Rothschild, an economist from Microsoft Research New York City, has been making a name for himself in the past few years. In 2012, he correctly predicted 50 of 51 Electoral College outcomes in the U.S. presidential race. Last month, his models accurately forecasted the winners in 21 of the 24 categories in the 86th annual Academy Awards.

Now, for the first time, he is applying his prognosticative powers to the Big Dance, the 2014 NCAA men’s basketball tournament. With Selection Sunday complete and with bracket in hand, Rothschild will be following every step of the spectacle, beginning March 18 and continuing all the way through to the April 7 championship game.

As are so many of us, he’s filling out a bracket, based on Selection Sunday pairings and culminating with the title game. His, though, will be based on prediction markets, which tend to favor the highest-seeded teams in the tournament. But the real action, predictively speaking, will come in his round-by-round probabilities, using fundamental data that includes not only seedings, but also such information as team records and past performances.

From the Round of 64 through the regional quarterfinals, the Sweet Sixteen, the Elite Eight to the Final Four, Rothschild will be calculating the ongoing likelihood of success for each surviving team in this single-elimination tournament. Like the event itself, his fine-tuning promises to be a wild ride.

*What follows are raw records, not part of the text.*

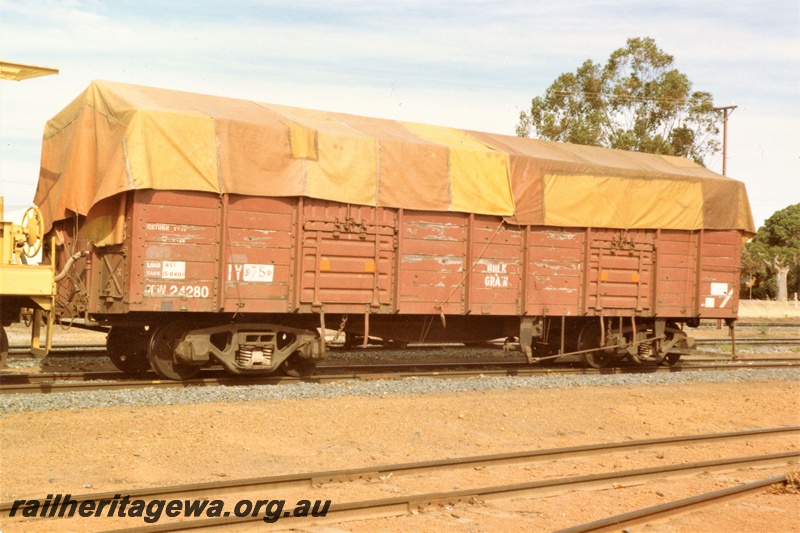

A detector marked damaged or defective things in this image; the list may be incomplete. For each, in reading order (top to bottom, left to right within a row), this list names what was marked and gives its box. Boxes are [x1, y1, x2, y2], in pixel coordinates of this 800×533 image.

rusty metal panel [129, 190, 222, 312]
rusty metal panel [220, 194, 296, 312]
rusty metal panel [396, 211, 466, 314]
rusty metal panel [524, 228, 580, 316]
rusty metal panel [696, 229, 740, 316]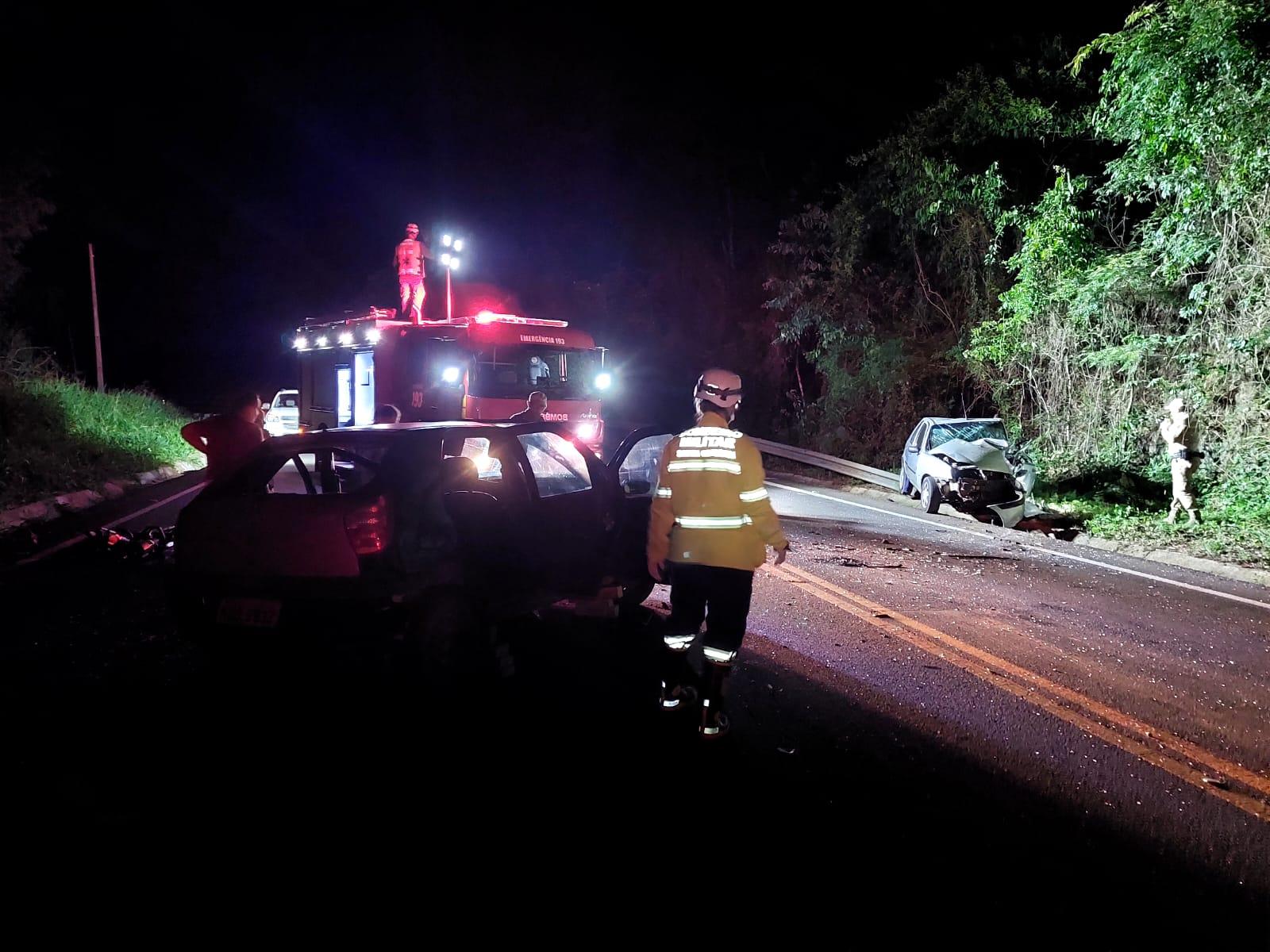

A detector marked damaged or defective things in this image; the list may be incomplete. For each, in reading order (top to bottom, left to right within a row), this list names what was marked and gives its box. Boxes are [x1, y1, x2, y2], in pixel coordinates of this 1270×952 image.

shattered windshield [929, 421, 1006, 451]
damaged silver car [899, 416, 1036, 530]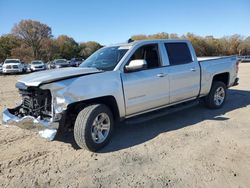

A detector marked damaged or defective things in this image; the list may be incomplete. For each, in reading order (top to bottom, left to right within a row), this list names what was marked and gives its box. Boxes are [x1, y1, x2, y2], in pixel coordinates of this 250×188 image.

crumpled hood [17, 67, 102, 86]
cracked bumper [2, 107, 58, 141]
damaged front end [2, 83, 59, 140]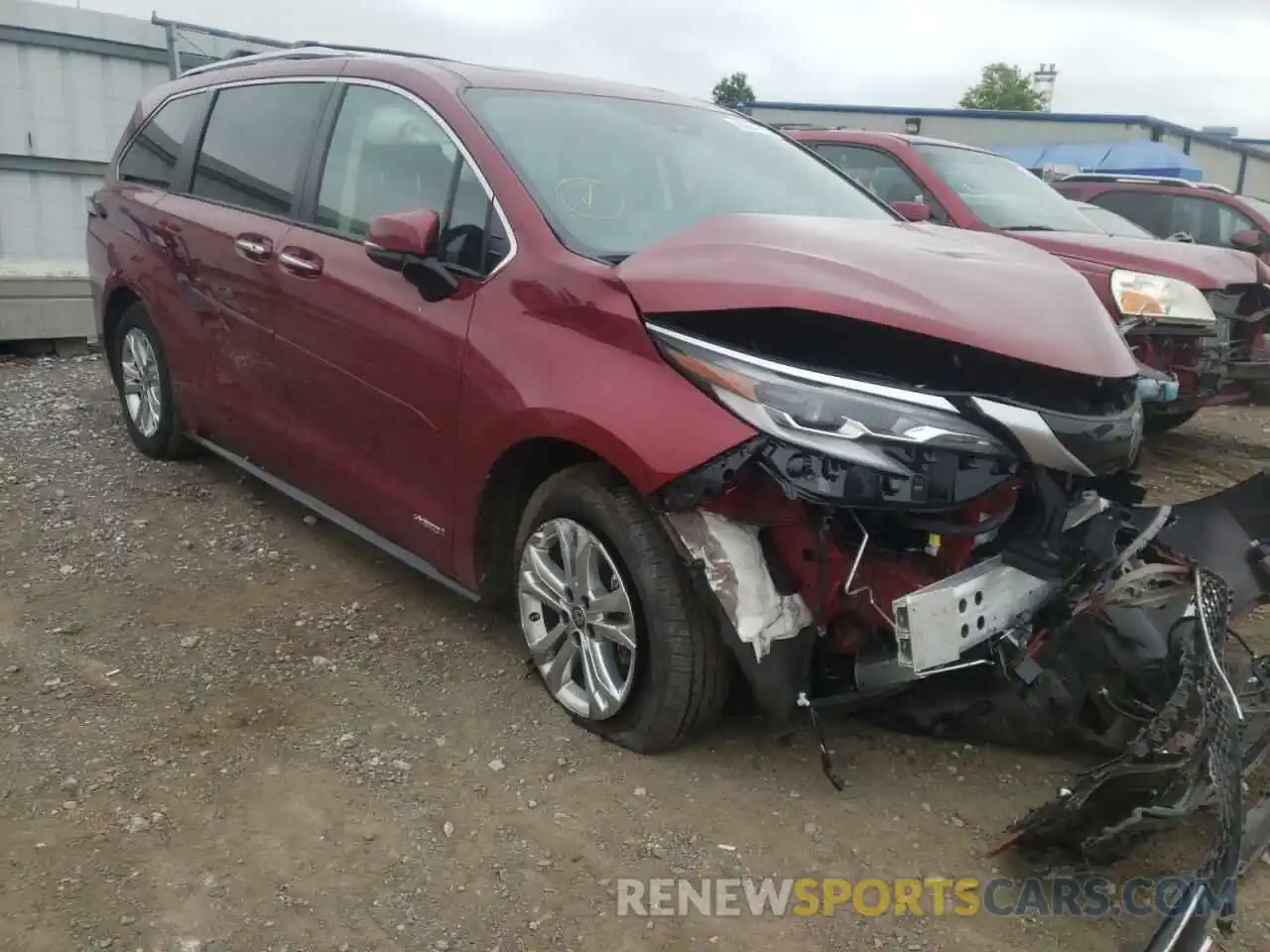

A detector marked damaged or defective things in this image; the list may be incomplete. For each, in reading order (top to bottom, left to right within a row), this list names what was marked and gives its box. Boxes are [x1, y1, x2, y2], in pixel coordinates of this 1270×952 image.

crumpled hood [619, 216, 1143, 379]
damaged vehicle [786, 130, 1270, 434]
crumpled hood [1012, 231, 1262, 290]
broken headlight [1111, 270, 1222, 329]
broken headlight [643, 327, 1012, 476]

“Unlike other events I have been covering,” he says, “March Madness is unique, in that there are 67 events spread out over a period of time. It is not just making a series of predictions and seeing how they evolve in real time over the course of one event.

“In this domain, there are a series of conditional events that we do not even know about until a few days before. This adds a unique challenge to our infrastructure, and I am looking forward to testing!”

Such an endeavor has an ulterior motive, of course. By creating a model and iterating over time, Rothschild’s experimentation aims to advance the state of the art in such predictions and promises to deliver answers to bigger questions than just those from the sporting realm.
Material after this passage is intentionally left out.